ISO-NE and NYISO have agreed to add the “+/-” notation to the CSC Intertie, which is in the list of interconnections within the list of interconnection facilities that will be posted on both websites. ISO-NE will use “its best efforts” to notify the RC within one week following the posting of any revision to the listing of interconnections. If an RC member identifies and reports a perceived error, the RTO will contact NYISO and discuss the concern. The posting will be modified if they agree a change is warranted. ISO-NE will notify the RC member and explain why the change is not justified as well. Entities can also subscribe to the ISO-NE webpage to receive immediate notices of the revision of posted documents.

The Participants Committee will vote on the CA revisions at its Nov. 5 meeting. ISO-NE and NYISO expect to file the revised CA by the end of the year with an effective date in early 2021.

ICR and Related Values for ARAs Recommended by Vote

The RC voted to recommend that the PC support ISO-NE’s proposed installed capacity requirement (ICR) and related values for Forward Capacity Auction 12’s three annual reconfiguration auctions (ARAs) to be conducted in 2021.

The committee approved net ICRs of 32,925 MW for 2021/22 (ARA 3), 32,765 MW for 2022/23 (ARA 2) and 32,980 MW for 2023/24 (ARA 1). The committee also approved a 958-MW value for the Hydro-Québec interconnection capability credit for ARA 3, with the amount rising to 969 MW for ARA 2 and down to 941 MW for ARA 1.

The PC will vote on the ICR and related values on Nov. 5, with a FERC filing expected by Nov. 30.

ERCOT Briefs: Week of Oct. 19, 2020

ERCOT staff have begun issuing price corrections and resettling 25 operating days affected by two market errors earlier this year.

The Board of Directors approved the price corrections earlier this month, as the errors were not caught in time by staff to resettle the operating days on their own. Staff are working with stakeholders to better define “significance,” the only threshold required to take pricing errors to the board. (See “Board Approves 2 Sets of Price Corrections,” ERCOT Board of Directors Briefs: Oct. 13, 2020.)

Staff began issuing market notices with the final resettlements last week, two days at a time. The grid operator released tables with the resettled amounts for the June 8-9, June 10-11, June 12 and 15 and June 16-17 day-ahead operating days.

ERCOT
Dave Maggio, ERCOT | ERCOT

In an email to RTO Insider, Dave Maggio, ERCOT’s director of market design and analytics, said the resettlement tables are intended to provide a “market-wide net change in dollars broken out by different components of settlement.”

As an example, he said, the June 10 price correction addresses the effect on market participants that had day-ahead energy sales for that day. A net amount of approximately $5,000 will be redistributed to those participants.

“It’s worth noting that the same market participant is likely to be involved in multiple components of settlement,” Maggio said. “For example, an individual market participant may be receiving additional dollars for day-ahead energy sales and may owe additional dollars for day-ahead real-time obligations that were purchased.

“When it comes down to it, the resettlement is really just a shuffling of dollars around between market participants,” Maggio said.

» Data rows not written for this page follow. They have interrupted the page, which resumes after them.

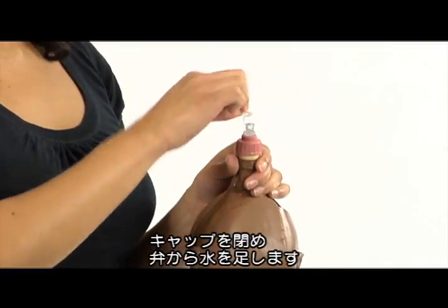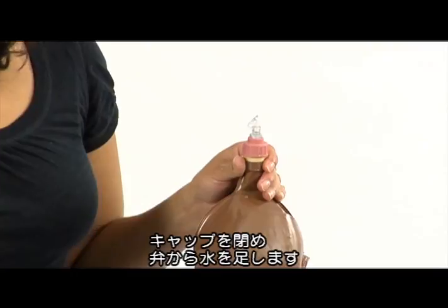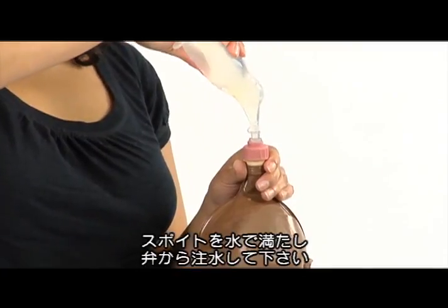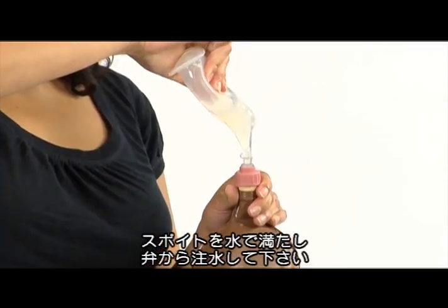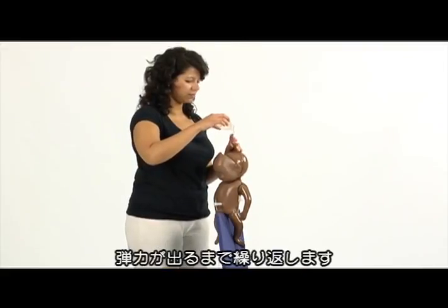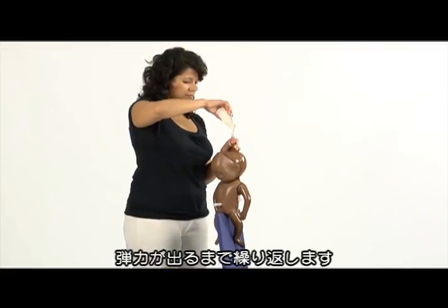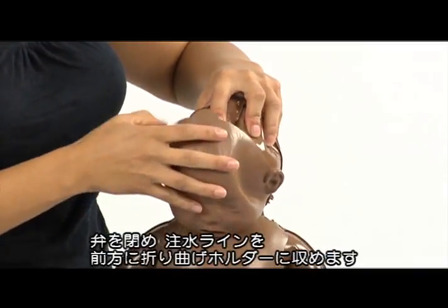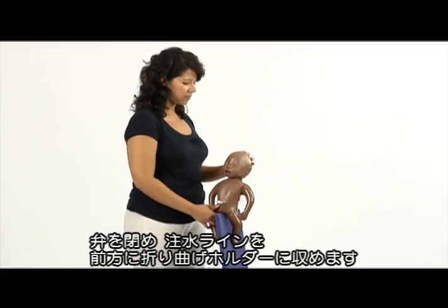Return the filling cap and open the valve to fill it with more water. Fill Neo Natalie suction or another suitable irrigation device with water. Insert it into the valve and press. Repeat this step until the body feels firm. Close the valve and fold the filling extension forward. Push it under the face skin until it clicks into the holder.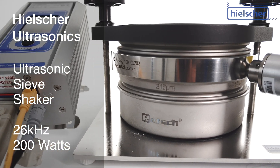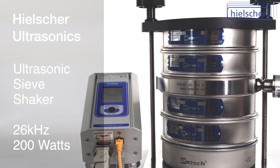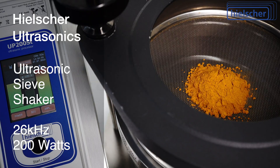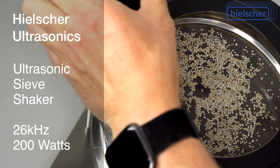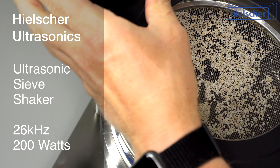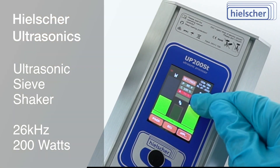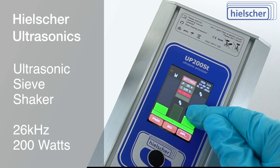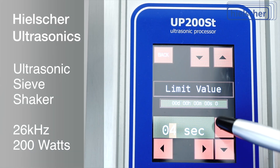Of course, the Hielscher ultrasonic sieve shaker can be operated continuously — for example, to sieve powder coatings, metal powders, or other materials continuously in production, or to separate lumps and agglomerates from powders. The intensity of the ultrasonic vibrations can be easily adjusted on the generator. A timer and a fully adjustable interval mode are, of course, standard.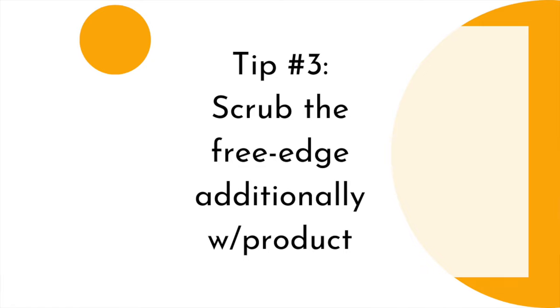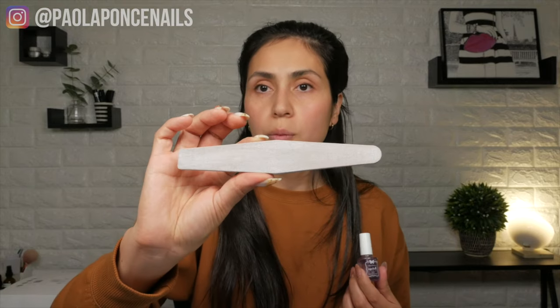Tip number three for ensuring that you don't have lifting at the free edge is the scrubby method. The scrubby method is when you take one of your base gel products and you kind of just scrub it at the tip — because you don't want it to create bulk, just scrub it at the tip and cure it. Now you've ensured there's gel for sure on those tips of the free edge and there's no product missing. The other thing you can do if you don't want to etch the nail with a board file is use a bonder — but you're not relying on bonder alone for no free edge lifting.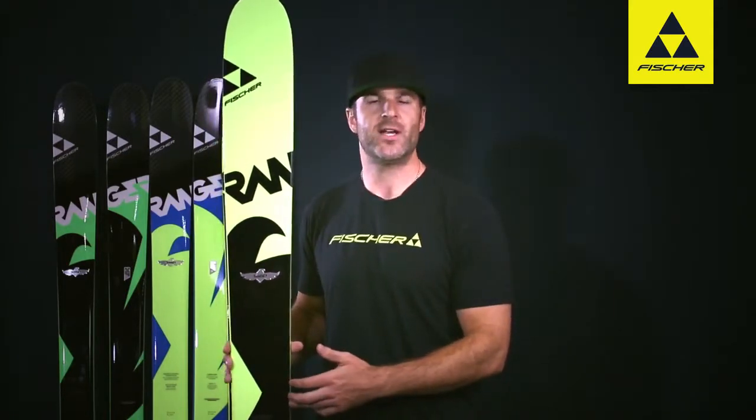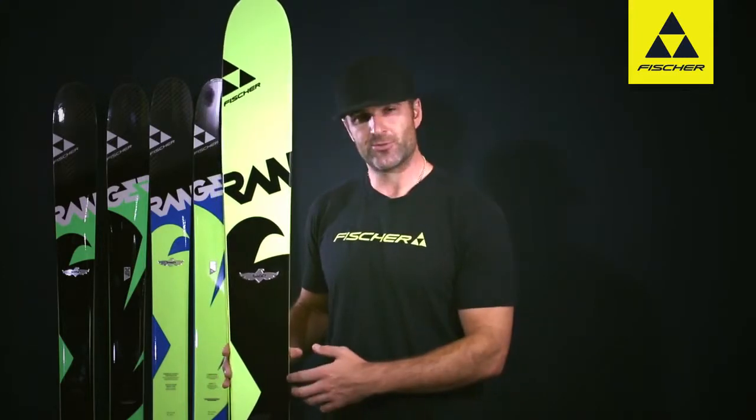At the same time, it's got a fairly short radius for a ski this fat. You're looking at a 20 meter radius, so you get it up high on edge angle on choppy snow or even soft groomed snow — this thing's really going to bite and hold well.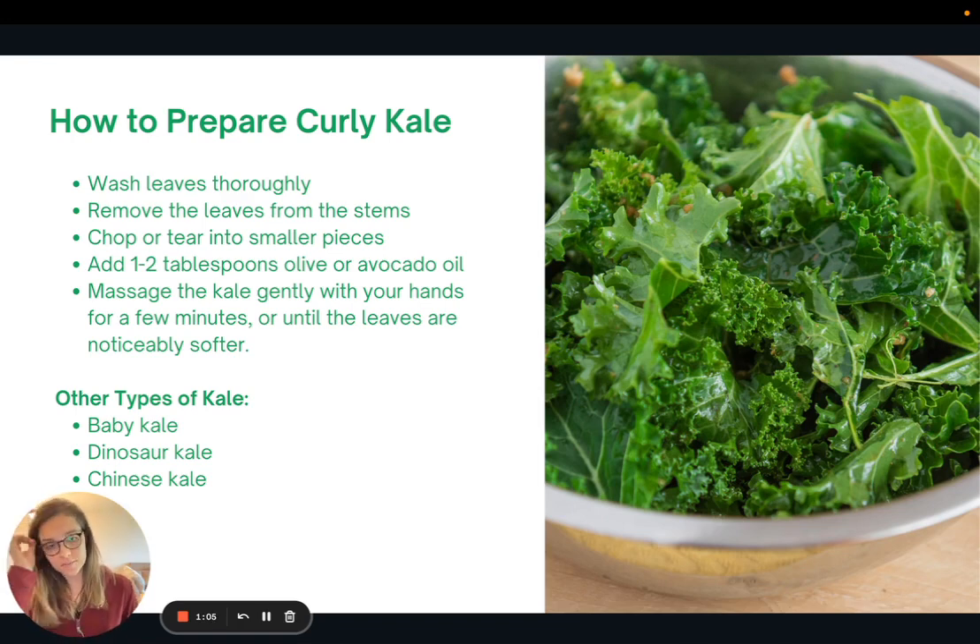Here are some tips on how to prepare curly kale. Curly kale is the standard one that you see, and it looks a little bit like this picture. First, wash the leaves thoroughly, then remove the leaves from the stems. You can cut, chop, or tear the leaves into smaller pieces. Then, this is the key: add one to two tablespoons of olive oil or avocado oil, and massage the kale gently with your hands for a few minutes, or until the leaves are noticeably softer.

RTC Group’s Protocol Work Completed

Staff said a stakeholder group working on revision requests needed to implement real-time co-optimization (RTC) has completed its review process by reaching consensus on all proposed protocol changes.

The revision requests will be finalized and posted with urgent status before going before several stakeholder groups, culminating in the Technical Advisory Committee and Board of Directors meetings in November and December, respectively. The TAC and the board will be asked to endorse and approve 11 change requests.

The Real-Time Co-optimization Task Force has met 33 times since April 2019, first developing key principles and then protocols. The Texas Public Utility Commission in 2019 directed ERCOT to add RTC, a market tool that procures energy and ancillary services every five minutes to find the most cost-effective solution for both requirements. The grid operator plans to go live with the tool in 2024. (See ERCOT Stakeholders Dig into Real-Time Co-optimization.)

ERCOT OKs Petra Nova’s Mothballing

ERCOT
ERCOT has approved the mothballing of NRG’s Petra Nova plant, part of the world’s largest carbon-capture facility. | NRG Energy

ERCOT said on Oct. 20 that a reliability analysis has determined NRG Energy’s Petra Nova Power Unit 1 is not needed to support the transmission system and can be mothballed as requested.

NRG last month sent the grid operator a notification of suspension of operations (NSO) that indicated it intended to place the resource in seasonal mothballs, effective Dec. 20. The unit will be available to the market June 1 to Sept. 30. (See NRG to Mothball Petra Nova CCS Plant.)

Petra Nova has a summer capacity of 71 MW. It was retrofitted at a cost of $1 billion to capture carbon from one of NRG’s nearby W.A. Parish Generating Station coal-fired units. Industry analysts don’t expect the plant to return to operation until oil prices stay consistently above $50 or $60/barrel.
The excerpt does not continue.